Georgia Tech Designs Low-Power Circuit to Guard Against Side-Channel Sniffing Attacks

Side-channel sniffing is designed to grab encryption keys by measuring the power consumption or electromagnetic radiation emitted by the…

Cabe Atwell
5 years agoSecurity

Side-channel sniffing is designed to grab encryption keys by measuring the power consumption or electromagnetic radiation emitted by the encryption engine, be it a CPU or other device. Google security researchers warned earlier this year that attacks such as Spectre wouldn’t end, unless chip manufacturers, like as AMD and Intel, changed their CPU architectures. To help protect against side-channel attacks, researchers from Georgia Tech and Intel have designed a circuit that mitigates sniffing by masking the electromagnetic and power emissions.

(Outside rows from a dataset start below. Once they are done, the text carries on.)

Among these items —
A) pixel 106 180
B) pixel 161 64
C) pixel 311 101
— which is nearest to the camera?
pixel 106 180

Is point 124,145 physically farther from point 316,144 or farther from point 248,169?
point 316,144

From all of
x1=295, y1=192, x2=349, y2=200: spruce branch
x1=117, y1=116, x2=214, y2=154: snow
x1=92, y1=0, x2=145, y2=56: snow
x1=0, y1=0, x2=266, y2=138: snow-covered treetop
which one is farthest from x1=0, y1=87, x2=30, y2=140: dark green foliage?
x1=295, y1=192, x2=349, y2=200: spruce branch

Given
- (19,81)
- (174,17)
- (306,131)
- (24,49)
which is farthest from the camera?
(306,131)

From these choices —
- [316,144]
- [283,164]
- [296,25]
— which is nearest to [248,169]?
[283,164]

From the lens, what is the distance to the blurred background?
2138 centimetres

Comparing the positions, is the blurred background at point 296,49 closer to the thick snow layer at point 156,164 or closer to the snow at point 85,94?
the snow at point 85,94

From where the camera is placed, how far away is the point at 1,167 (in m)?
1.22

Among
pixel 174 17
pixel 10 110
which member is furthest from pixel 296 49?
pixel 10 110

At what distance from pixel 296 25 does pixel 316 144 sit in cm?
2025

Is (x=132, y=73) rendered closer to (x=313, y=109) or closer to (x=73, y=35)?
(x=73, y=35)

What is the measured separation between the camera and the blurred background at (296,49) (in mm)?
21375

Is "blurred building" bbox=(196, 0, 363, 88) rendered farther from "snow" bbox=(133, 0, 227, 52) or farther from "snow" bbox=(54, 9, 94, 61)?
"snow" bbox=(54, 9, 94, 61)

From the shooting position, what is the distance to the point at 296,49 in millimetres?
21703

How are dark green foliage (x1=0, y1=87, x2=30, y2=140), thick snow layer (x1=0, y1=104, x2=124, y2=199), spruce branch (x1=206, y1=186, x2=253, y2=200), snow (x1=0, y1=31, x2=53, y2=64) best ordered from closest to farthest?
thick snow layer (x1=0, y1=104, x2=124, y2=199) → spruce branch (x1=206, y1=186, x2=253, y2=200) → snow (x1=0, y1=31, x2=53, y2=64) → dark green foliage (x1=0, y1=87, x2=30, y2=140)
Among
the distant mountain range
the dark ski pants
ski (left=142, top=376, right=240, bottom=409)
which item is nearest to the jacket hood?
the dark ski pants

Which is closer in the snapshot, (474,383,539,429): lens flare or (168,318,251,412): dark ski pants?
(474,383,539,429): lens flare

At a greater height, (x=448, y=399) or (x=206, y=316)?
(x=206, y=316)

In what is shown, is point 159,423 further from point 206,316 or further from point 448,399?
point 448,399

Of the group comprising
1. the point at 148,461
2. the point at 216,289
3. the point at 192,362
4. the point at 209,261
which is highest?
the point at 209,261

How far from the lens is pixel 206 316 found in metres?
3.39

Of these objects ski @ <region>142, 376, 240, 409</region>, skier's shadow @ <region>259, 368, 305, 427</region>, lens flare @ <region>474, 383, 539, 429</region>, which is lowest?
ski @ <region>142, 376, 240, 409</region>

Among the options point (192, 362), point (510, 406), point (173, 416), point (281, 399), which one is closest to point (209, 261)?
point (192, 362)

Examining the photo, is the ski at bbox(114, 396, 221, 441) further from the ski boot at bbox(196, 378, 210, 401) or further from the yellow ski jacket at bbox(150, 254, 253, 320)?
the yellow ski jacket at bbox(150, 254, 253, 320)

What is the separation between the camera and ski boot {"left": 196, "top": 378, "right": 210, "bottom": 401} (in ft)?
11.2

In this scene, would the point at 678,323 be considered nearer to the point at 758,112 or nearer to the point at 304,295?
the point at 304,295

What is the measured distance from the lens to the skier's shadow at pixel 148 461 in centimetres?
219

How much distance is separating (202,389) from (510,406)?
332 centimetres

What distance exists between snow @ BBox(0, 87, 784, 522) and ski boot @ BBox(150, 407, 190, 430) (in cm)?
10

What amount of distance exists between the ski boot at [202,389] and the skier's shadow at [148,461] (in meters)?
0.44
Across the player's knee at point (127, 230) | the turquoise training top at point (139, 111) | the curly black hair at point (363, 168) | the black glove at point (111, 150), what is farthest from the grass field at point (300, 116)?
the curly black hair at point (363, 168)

“Side-sniffing has been a longtime problem in cryptography, and we’ve always known that you could theoretically make the chip do 1,000 redundant jobs to mask the signal, but [previously, that wasn’t] realistic unless you were okay with the battery running out in 15 minutes. That’s where we got interested because as circuit designers we know how to make things last longer.” — Georgia Tech professor Saibal Mukhopadhya

Their circuit functions by introducing random noise into the signal, which scrambles the timing of the outputs. More specifically, the circuit employs an all-digital version of an analog low-dropout voltage regulator to power 128-bit encryption engines in 130nm CMOS using random fast voltage dithering (RFVD). An integrated voltage regulator with bond-wire inductors and an on-chip all-digital clock modulation circuit enable that RFVD.

According to the researchers, the circuit isn’t 100% effective at guarding against attacks, but it would take hackers 3,579 times as long to breach the platform over a standard circuit, which can be circumvented in a matter of minutes or seconds. What’s more, the circuit has a performance overhead of just 10%, and while that may not seem that great, it’s reportedly better than previous side-channel attack mitigations.